A Value Range Propagation usage example, and more

bearophile via Digitalmars-d

2014-10-08 12:17:35 UTC

This is the first part of a function to convert to base 58 (some
letters are missing, like the upper case "I") used in the Bitcoin
protocol:

alias Address = ubyte[1 + 4 + RIPEMD160_digest_len];

char[] toBase58(ref Address a) pure nothrow @safe {
static immutable symbols = "123456789" ~
"ABCDEFGHJKLMNPQRSTUVWXYZ" ~
"abcdefghijkmnopqrstuvwxyz";
static assert(symbols.length == 58);

auto result = new typeof(return)(34);
foreach_reverse (ref ri; result) {
uint c = 0;
foreach (ref ai; a) {
c = c * 256 + ai;
ai = cast(ubyte)(c / symbols.length);
c %= symbols.length;
}
ri = symbols[c];
}
...
}

The D type system isn't smart enough to see that "ai" is always
fitting in an ubyte, so I have had to use a cast(ubyte). But
casts are dangerous and their usage should be minimized, and
to!ubyte is slow and makes the function not nothrow. So I've
rewritten the code like this with a bit of algebraic rewriting:

char[] toBase58(ref Address a) pure nothrow @safe {
static immutable symbols = "123456789" ~
"ABCDEFGHJKLMNPQRSTUVWXYZ" ~
"abcdefghijkmnopqrstuvwxyz";
static assert(symbols.length == 58);

auto result = new typeof(return)(34);
foreach_reverse (ref ri; result) {
uint c = 0;
foreach (ref ai; a) {
immutable d = (c % symbols.length) * 256 + ai;
ai = d / symbols.length;
c = d;
}
ri = symbols[c % symbols.length];
}
...
}

Now it can be a little slower because the integer division and
modulus has different divisors, so perhaps they can't be
implemented with a little more than a single division, as before
(I have not compared the assembly), but for the purposes of this
code the performance difference is not a problem. Now the D type
system is able to see that "ai" is always fitting in a ubyte, and
there's no need for a cast. The compiler puts a safe implicit
cast. This is awesome.

- - - - - - - - - - - - - -

But of course you often want more :-)

This is another case where the current D type system allows you
to avoid a cast:

void main() {
char['z' - 'a' + 1] arr;

foreach (immutable i, ref c; arr)
c = 'a' + i;
}

But if you want to use ranges and functional UFCS chains you
currently need the cast:

void main() {
import std.range, std.algorithm, std.array;

char[26] arr = 26
.iota
.map!(i => cast(char)('a' + i))
.array;
}

In theory this program has the same compile-time information as
the foreach case.
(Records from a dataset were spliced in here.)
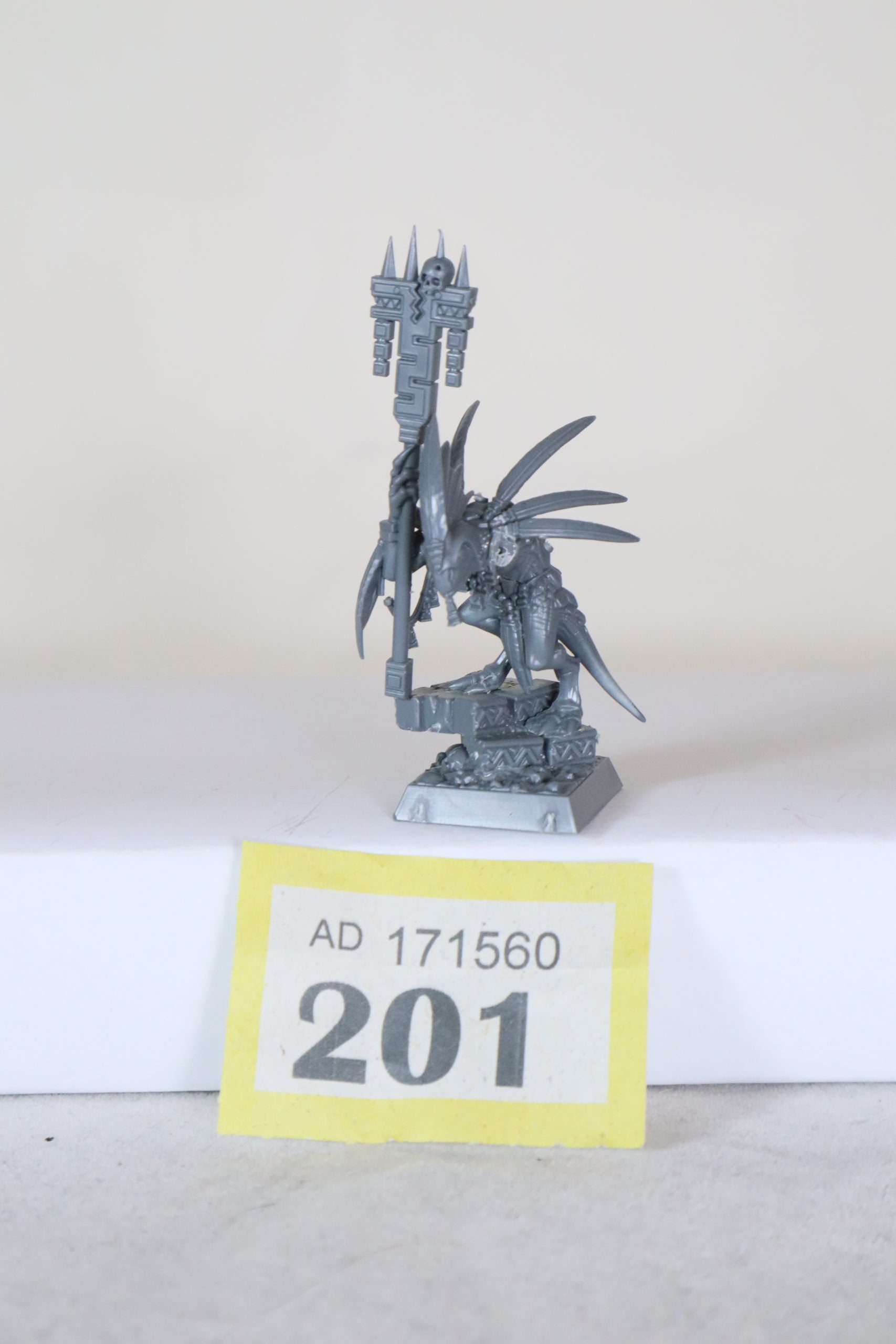 Skink Starpriest missing an arm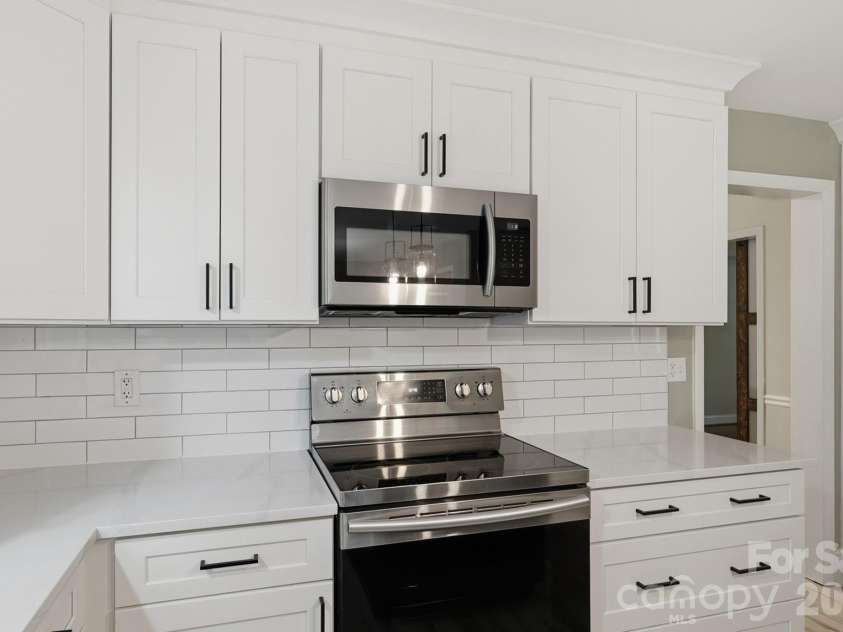 9918 Ridgemore Drive, Charlotte, NC 28277.  MLS# CAR4350332, YatesRealty ID 25152. 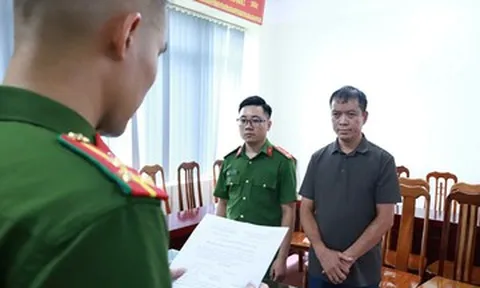 Người đàn ông nhận ốp gỗ vào nhà dân, chờ trục lợi hàng tỷ đồng tiền đền bù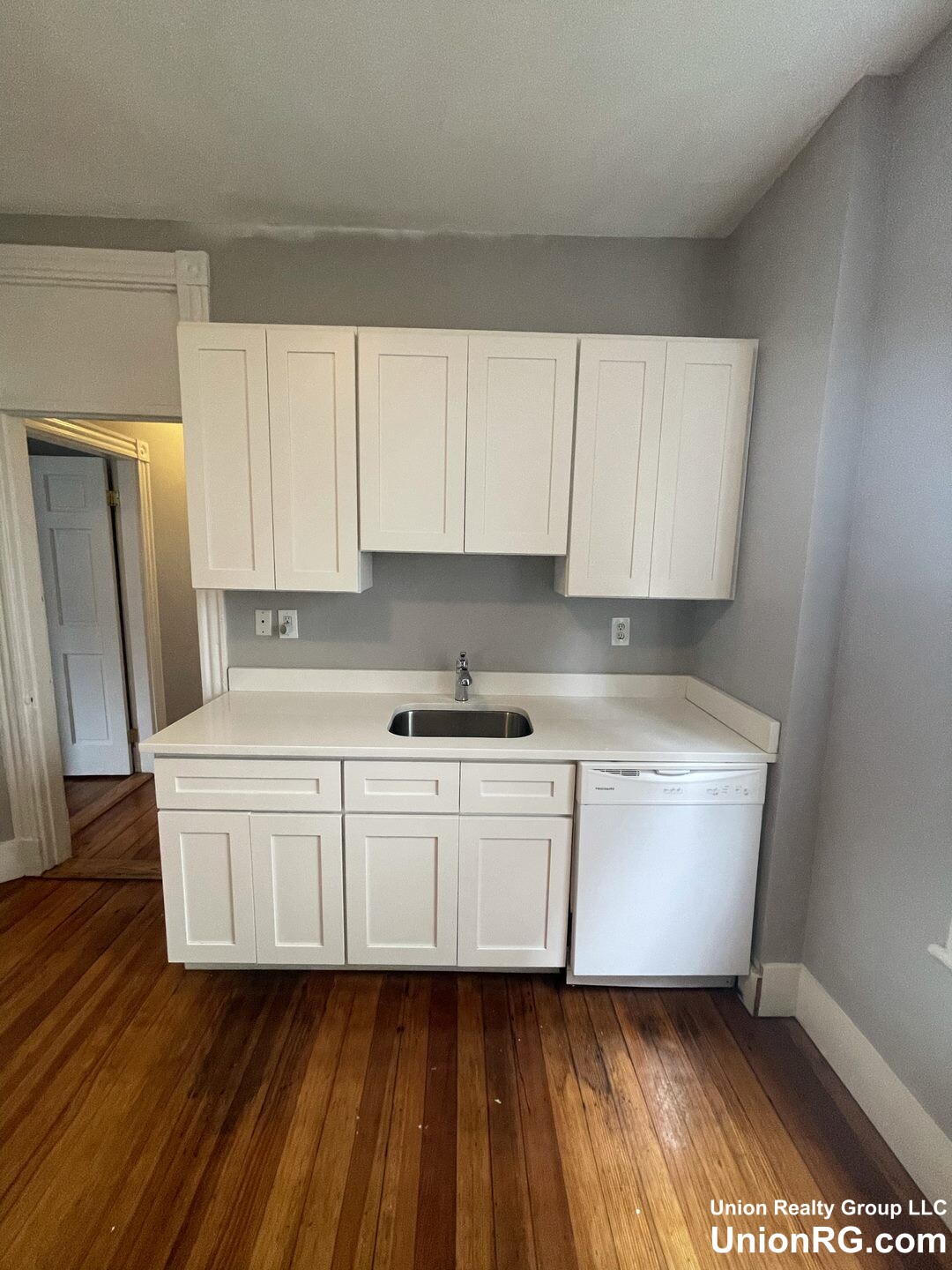 11 Sunset St, Mission Hill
In practice foreach is a built-in that enjoys
more semantics than a iota+map.

Currently iota(26) loses the compile-time information about the
range, so you can't do (note: the "max" attribute doesn't exists):

void main() {
import std.range: iota;
auto r = iota(26);
enum ubyte m = r.max;
}

Currently the only way to keep that compile-time information is
to use a template argument:

void main() {
import std.range: tIota;
auto r = tIota!26;
enum ubyte m = r.max; // OK
}

But even if you write such tIota range, the map!() will lose the
compile-time value range information. And even if you manage to
write a map!() able to do it with template arguments, you have
template bloat.

So there's a desire to manage the compile-time information (like
value range information) of (number) literals without causing
template bloat and without the need to use explicit template
arguments.

Bye,
bearophile